Recently, an innovative drug (Sacubitril/Valsartan) that simultaneously inhibits both RAAS and the degradation of NPs (angiotensin II receptor-neprilysin inhibitor, ARNI) has been approved for the treatment of heart failure with reduced ejection fraction100. The potential benefits of this drug could go beyond the treatment of heart failure101, given the actions of NPs on lipid and glucose metabolism. Recent evidences suggest that all these beneficial effects appear to be driven by a potentiation of ANP rather than BNP102,103. Sacubitril/Valsartan improved glycemic control by increasing the insulin-sensitivity and the levels of glucagon-like peptide 1102,104,105. On the other side, its effects on lipid metabolism are controversial without apparent benefits on exercise-induced lipolysis and substrate oxidation in obese patients with hypertension105. A post-hoc analysis of the PARADIGM-HF trial showed, in addition to a reduction of glycated hemoglobin, an increase in HDLc levels in diabetics receiving Sacubitril/Valsartan compared with those receiving Enalapril106. Many factors could play a role in the discrepancy of evidence on this drugs: the other neprilysin substrates that potentially modulate lipid metabolism in the opposite way, the potential anti-lipolytic effects of insulin in adipose tissue, the role played by NPRC (scavenger receptor) in adipocytes, that could be more important than neprilysin activity105,107. Further ad hoc trials are needed to clarify the possible beneficial effects of this drug class on dyslipidemia and lipid metabolism.

Study limitations

Our analysis has some limitations.

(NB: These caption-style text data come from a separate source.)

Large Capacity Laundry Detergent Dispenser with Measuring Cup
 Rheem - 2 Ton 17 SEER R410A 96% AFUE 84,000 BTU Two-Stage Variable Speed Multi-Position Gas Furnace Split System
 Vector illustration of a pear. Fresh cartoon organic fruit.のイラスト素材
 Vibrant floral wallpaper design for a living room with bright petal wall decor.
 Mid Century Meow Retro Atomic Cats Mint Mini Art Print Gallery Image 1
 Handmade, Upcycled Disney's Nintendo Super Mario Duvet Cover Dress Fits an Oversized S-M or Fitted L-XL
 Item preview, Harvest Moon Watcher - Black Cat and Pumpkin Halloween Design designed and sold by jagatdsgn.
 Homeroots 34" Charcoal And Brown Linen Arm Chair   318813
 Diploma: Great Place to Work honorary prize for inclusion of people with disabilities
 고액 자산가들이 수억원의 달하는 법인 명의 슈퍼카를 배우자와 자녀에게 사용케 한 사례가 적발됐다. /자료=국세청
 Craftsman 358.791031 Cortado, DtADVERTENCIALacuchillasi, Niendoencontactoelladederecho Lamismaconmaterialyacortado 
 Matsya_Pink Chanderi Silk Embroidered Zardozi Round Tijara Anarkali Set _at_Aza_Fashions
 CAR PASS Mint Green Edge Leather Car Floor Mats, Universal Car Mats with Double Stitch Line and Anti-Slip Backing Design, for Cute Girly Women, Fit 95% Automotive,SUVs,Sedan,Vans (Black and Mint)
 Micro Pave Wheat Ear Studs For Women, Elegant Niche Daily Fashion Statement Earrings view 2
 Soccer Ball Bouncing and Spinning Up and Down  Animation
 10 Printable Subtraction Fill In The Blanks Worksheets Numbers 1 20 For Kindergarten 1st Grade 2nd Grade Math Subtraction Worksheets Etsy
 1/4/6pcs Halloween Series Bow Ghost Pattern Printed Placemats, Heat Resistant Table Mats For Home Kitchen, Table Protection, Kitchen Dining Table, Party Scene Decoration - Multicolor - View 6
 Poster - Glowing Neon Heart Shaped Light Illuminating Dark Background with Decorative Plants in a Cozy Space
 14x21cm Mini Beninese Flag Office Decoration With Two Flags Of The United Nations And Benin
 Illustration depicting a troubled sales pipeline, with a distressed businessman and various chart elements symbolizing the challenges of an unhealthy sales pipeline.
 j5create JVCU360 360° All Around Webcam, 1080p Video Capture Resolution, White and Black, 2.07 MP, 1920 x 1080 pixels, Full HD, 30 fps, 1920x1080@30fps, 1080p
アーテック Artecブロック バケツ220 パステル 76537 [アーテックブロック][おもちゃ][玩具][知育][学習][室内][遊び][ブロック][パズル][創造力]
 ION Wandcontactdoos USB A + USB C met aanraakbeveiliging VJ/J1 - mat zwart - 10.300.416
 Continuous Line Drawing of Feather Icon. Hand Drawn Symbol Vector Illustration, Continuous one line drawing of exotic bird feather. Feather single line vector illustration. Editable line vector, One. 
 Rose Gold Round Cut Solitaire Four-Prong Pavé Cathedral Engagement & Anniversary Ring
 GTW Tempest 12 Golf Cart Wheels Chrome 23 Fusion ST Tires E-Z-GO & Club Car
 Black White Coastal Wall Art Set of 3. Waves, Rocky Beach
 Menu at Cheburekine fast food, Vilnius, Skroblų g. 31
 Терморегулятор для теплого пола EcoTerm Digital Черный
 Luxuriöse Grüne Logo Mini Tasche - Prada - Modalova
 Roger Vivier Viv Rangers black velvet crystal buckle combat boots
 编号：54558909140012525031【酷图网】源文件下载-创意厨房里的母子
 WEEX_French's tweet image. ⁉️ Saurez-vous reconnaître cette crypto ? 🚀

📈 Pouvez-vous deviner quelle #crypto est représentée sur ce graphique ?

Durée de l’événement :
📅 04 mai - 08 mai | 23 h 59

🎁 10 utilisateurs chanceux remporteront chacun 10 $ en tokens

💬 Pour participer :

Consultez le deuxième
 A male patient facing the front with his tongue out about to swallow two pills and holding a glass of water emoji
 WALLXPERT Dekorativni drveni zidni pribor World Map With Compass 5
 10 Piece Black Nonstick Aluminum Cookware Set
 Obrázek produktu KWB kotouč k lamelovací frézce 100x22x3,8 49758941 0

Firstly, all the included studies were observational investigations and therefore we cannot support any causality between the cardiac NPs levels and the different components of serum lipid profile. Although we performed an extensive review of the main electronic databases, we cannot be sure to have included all relevant studies on this topic. The symmetry of the funnel plots indicates the absence of publication bias that may have influenced our results. However, we found high inconsistency between study findings and high heterogeneity among studies. Therefore, the quality of evidence is moderate at most, and the results of this meta-analysis should be taken with caution. We performed several sensitivity analyses in order to evaluate possible sources of heterogeneity, but we cannot exclude the influence of unmeasured confounding factors. However, taken together, our results show an inverse relationship between NP levels and TC, LDLc and triglyceride, but a positive association with higher HDLc, indicating that a biological positive effect of NPs on lipid profile is very likely and, on the contrary, it’s very unlikely that these results were generated by spurious association due to meta-analysis limitations or by chance. Our meta-analysis focused on TC, LDLc, HDLc and TG. The presence in literature of only one article regarding NPs and ApoB21 did not allow us to include this lipid parameter.

Conclusions

The present systematic review and meta-analysis of 46 studies highlights an association between higher cardiac NPs levels and a more favorable lipid profile. This both confirms and extends our understanding of the metabolic properties of cardiac NPs and their potential in CV prevention.